Peled Yoav, Yogev Yariv, Oron Galia, Amir Jacob, Pardo Josef
Department for Obstetrics and Gynecology, Helen Schneider Hospital for Women, Rabin Medical Center, Petah Tiqwa, Israel.
J Matern Fetal Neonatal Med. 2011 Nov;24(11):1353-6. doi: 10.3109/14767058.2011.552653. Epub 2011 Feb 7.
Cytomegalovirus (CMV) is the most common cause of intrauterine infection, occurring in 0.2-2.2% of all neonates. The rare but serious neonatal manifestations have prompted widespread discussions of the use of CMV surveillance during pregnancy. This study describes a decision-analysis algorithm for a surveillance protocol to detect the maximal number of primary CMV infections in low-risk pregnancies. The steps of the protocol adhere to the routine antenatal follow-up schedule. All calculations were based on the most stringent data in the literature as applied to a theoretical cohort of 100,000 pregnant women in the general population. By the time of delivery, the protocol failed to detect only four potentially ill neonates in the study group. These cases may be diagnosed and treated postnatally. Incorporation of the protocol in antenatal follow-up can reduce diagnostic confusion, assist clinicians in timing invasive procedures, and potentially spare patients unnecessary terminations of pregnancy.
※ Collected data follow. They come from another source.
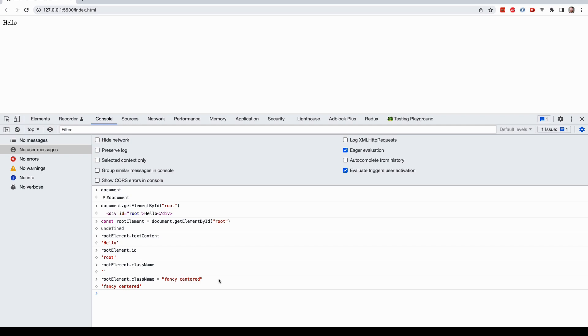All right. So this is an example of how we can query elements. In the very next lesson, we're going to see how we can use this document API to create an element in our interface. So I'll see you there.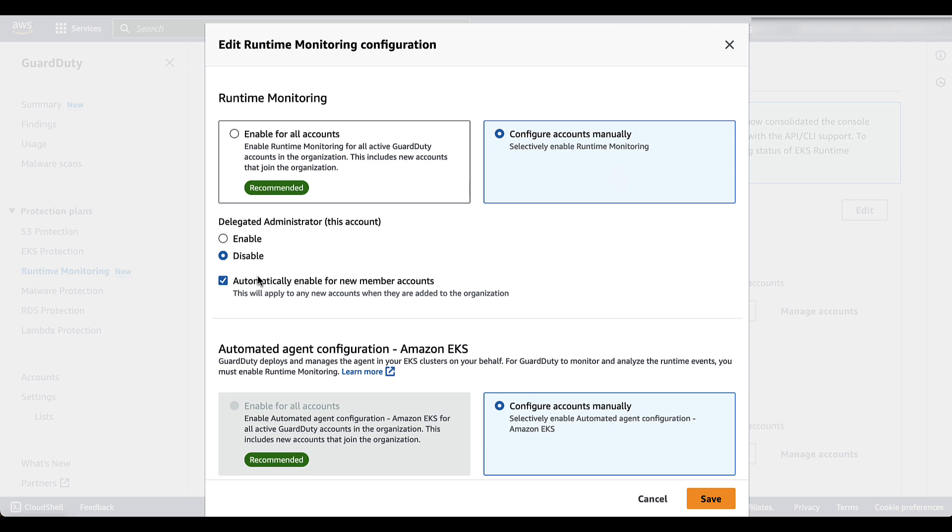You also have the option to enable for all accounts. So all accounts that currently have GuardDuty activated and are in your organization, they will automatically have runtime monitoring enabled and all future member accounts will have it automatically enabled as well.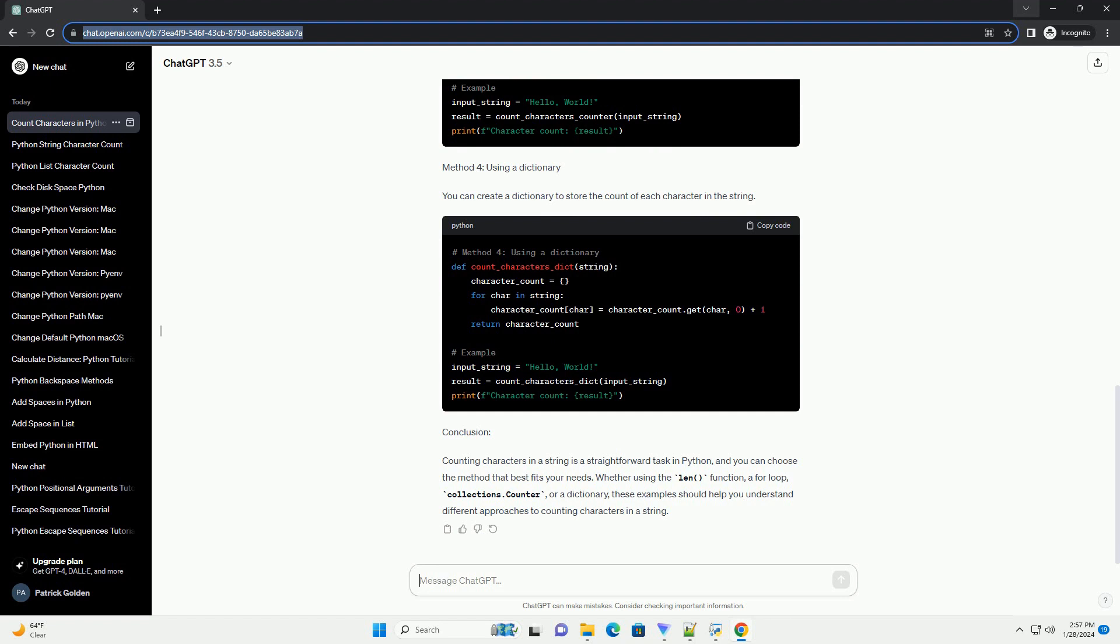Conclusion: Counting characters in a string is a straightforward task in Python, and you can choose the method that best fits your needs. Whether using the len function, a for loop, collections.Counter, or a dictionary, these examples should help you understand different approaches to counting characters in a string.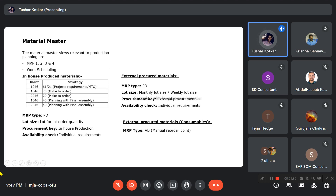For in-house produced materials, they are using different planning strategies for different plants. For company code 1046 they are using strategies 61 and 21, and make-to-order is also there. MRP type will be PD for all in-house produced materials, lot size will be lot-for-lot order quantity, procurement key will be in-house production, and availability check will be individual requirements.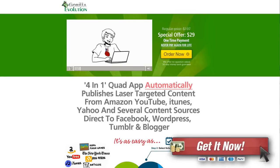Hey guys, Ray the Video Guy here and as promised I'm doing a quick review of Gorilla Evolution, which is a great little software that allows you to quickly and easily put laser targeted content from various sources onto your WordPress page.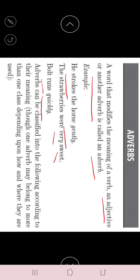Now that it is clear what an adverb is and how it functions, we will talk about its classification and types. Based on the function adverbs perform in a sentence, they are classified into different categories based on their meaning. Sometimes one adverb may fit into two categories depending on context — for example, it could be both adverb of time and adverb of place. Context decides the type.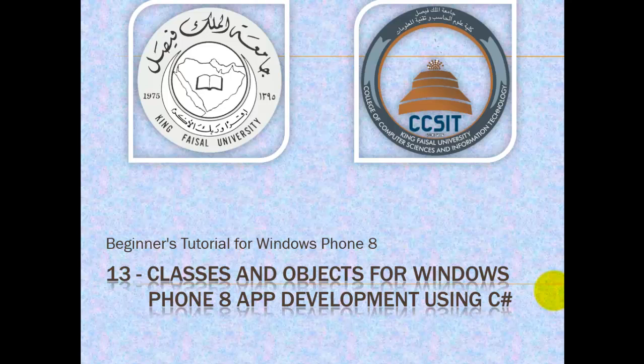Assalamu alaikum. Welcome to this video tutorial on Windows Phone 8 for students at King Faisal University and for others who want to learn mobile app development.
巨细胞病毒(CMV)是宫内感染最常见的病因,在所有新生儿中的发生率为0.2%-2.2%。罕见但严重的新生儿表现促使人们广泛讨论孕期进行CMV监测的应用。本研究描述了一种用于监测方案的决策分析算法,以检测低风险妊娠中最大数量的原发性CMV感染。该方案的步骤遵循常规产前随访时间表。所有计算均基于文献中最严格的数据,并应用于一般人群中10万名孕妇的理论队列。到分娩时,该方案仅未能检测出研究组中4名可能患病的新生儿。这些病例可在出生后进行诊断和治疗。将该方案纳入产前随访可减少诊断混乱,帮助临床医生确定侵入性操作的时机,并可能避免患者不必要的妊娠终止。